Far East Film Festival 16
Chi ha spento la luce? Non l’ha spenta nessuno e non è saltato il salvavita. No, non si tratta neppure di un guasto momentaneo: l’elettricità ha proprio smesso di esistere. Così. Di colpo. E la famiglia Suzuki, adesso, deve imparare molto in fretta l’arte della sopravvivenza: affrontare un black out planetario non è esattamente un gioco da ragazzi! Si apre qui, in un mondo improvvisamente interrotto, l’irresistibile road movie giapponese Survival Family, e si apre qui anche l’attesissimo Far East Film Festival 19: non solo perché la bella commedia di Yaguchi Shinobu farà da starting gun, venerdì 21 aprile, ma anche per una ragione di simmetria: proprio come il black out di Survival Family, infatti, il FEFF rappresenta un’improvvisa interruzione. La normalità quotidiana si blocca, così, di colpo, e il buio (in sala) del Teatro Nuovo “Giovanni da Udine” inghiotte per 9 giorni tutto e tutti.
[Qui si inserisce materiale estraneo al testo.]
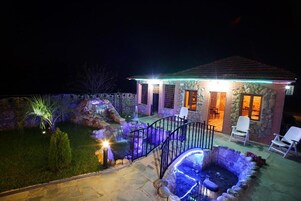 Avlu manzarası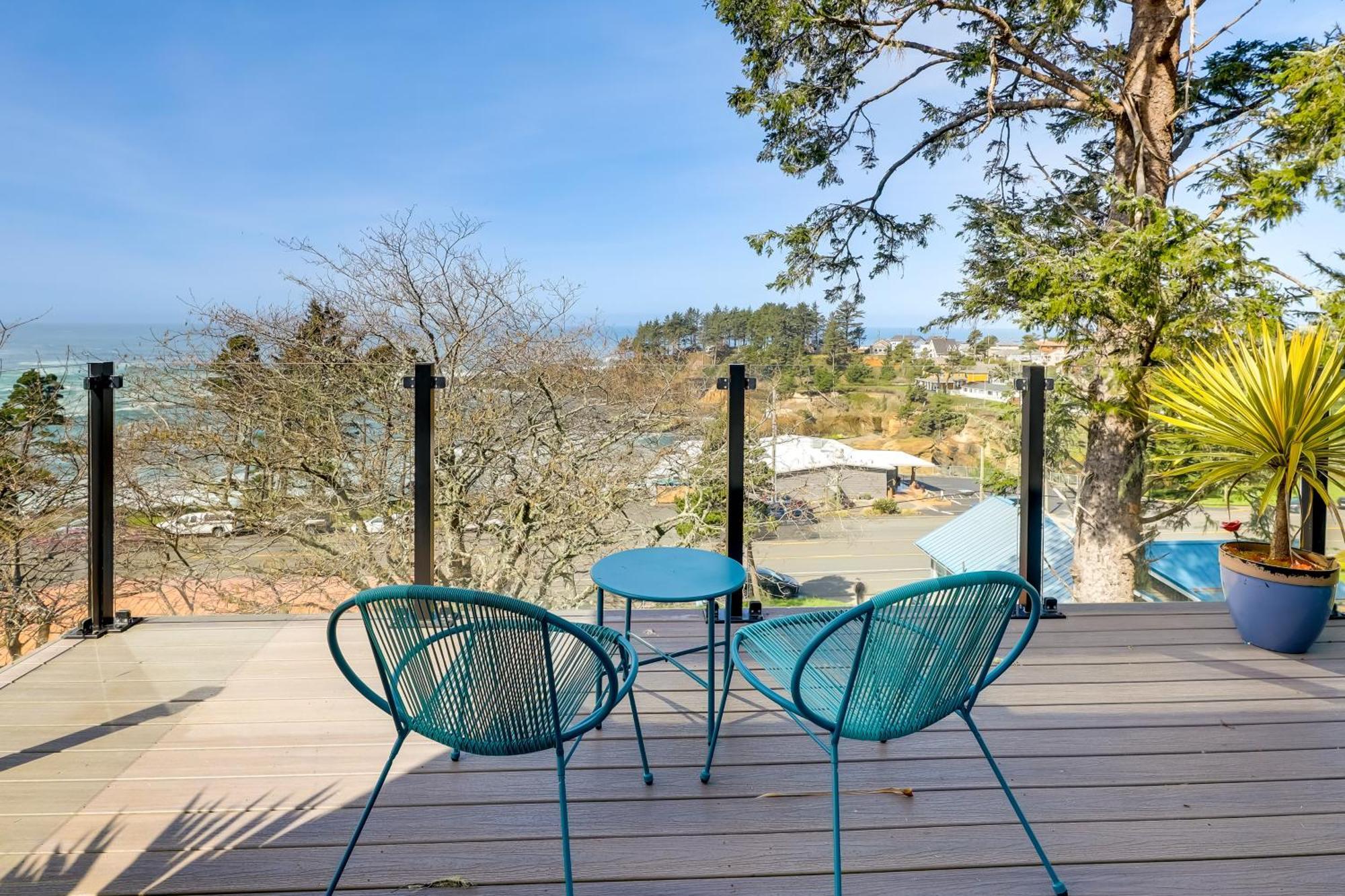 Scenic Depoe Bay Townhome With Deck Less Than 1 Mi To Parks! Buitenkant foto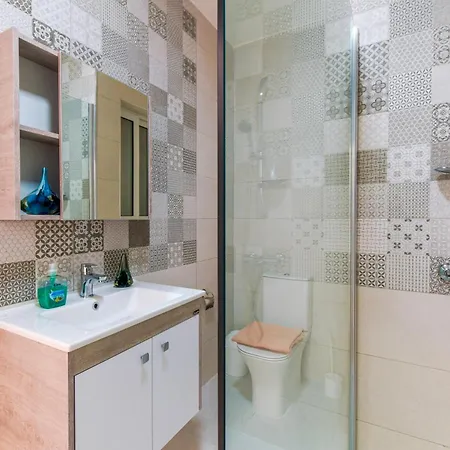 Spacious Brand New 3 Bdr 2bth Bugibba Apartment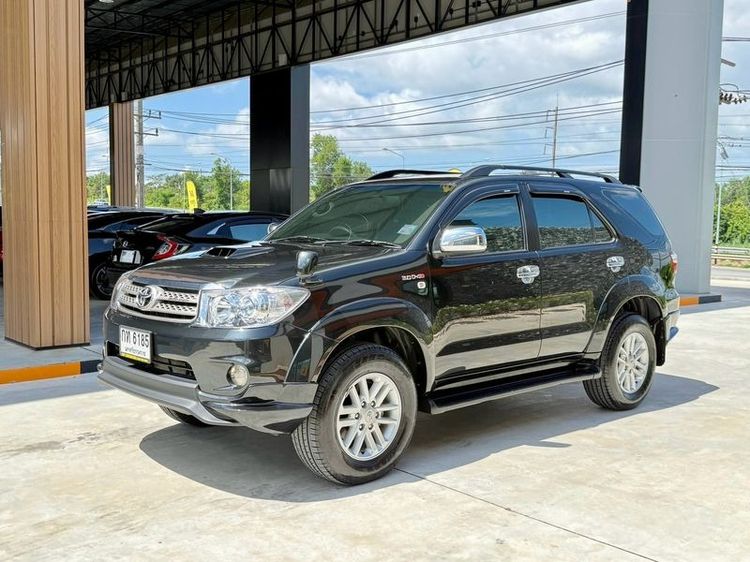 Toyota Fortuner 2011 3.0 V Utility-car ดีเซล ไม่ติดแก๊ส เกียร์อัตโนมัติ ดำ รูปที่ 3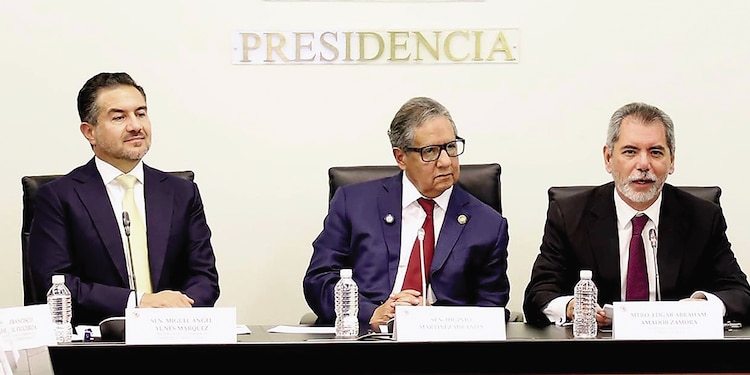 El titular de Hacienda, Édgar Amador (3.o de izq. a der.), entregó el pasado 8 de septiembre el Paquete Económico 2027 enviado por la Presidencia al Senado de la República.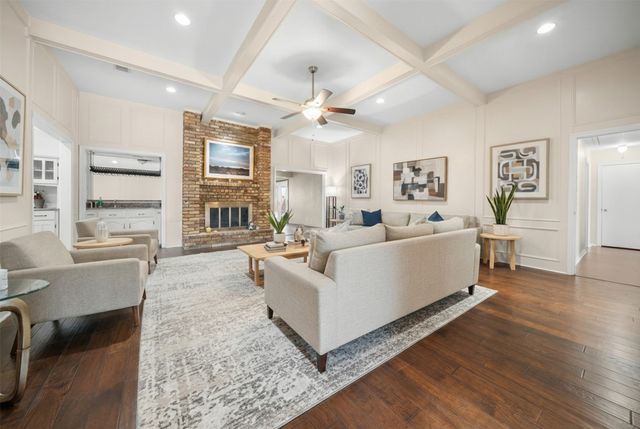 9727 Amberley Drive, Dallas, TX 75243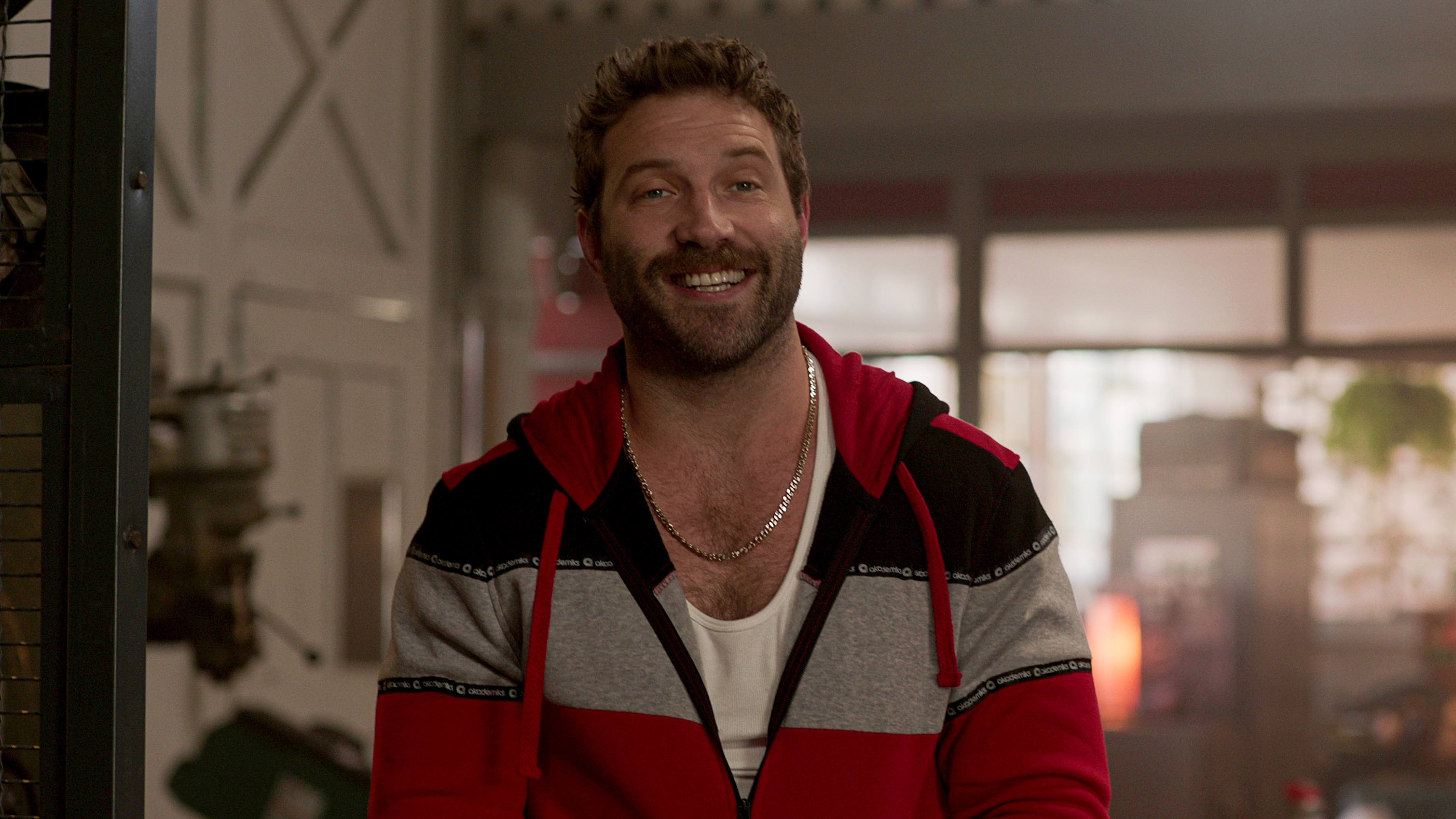 Kaleidoscope Cast on Netflix - Jai Courtney as Bob Goodwin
Mai come quest’anno, tra l’altro, il Festival ha messo a fuoco un’interruzione tanto perentoria: un programma vasto, vastissimo, un enorme black out che conta 83 titoli (selezionati su circa un migliaio di visioni) e include 4 anteprime mondiali, tra cui l’adrenalinico Shock Wave di Herman Yau che chiuderà ufficialmente il #FEFF19 (sabato 29 aprile), 12 anteprime internazionali, 10 International Festival Premiere, 25 anteprime europee, 1 European Festival Premiere e 22 anteprime italiane, testimoniando l’incredibile vitalità (produttiva e creativa) del cinema asiatico!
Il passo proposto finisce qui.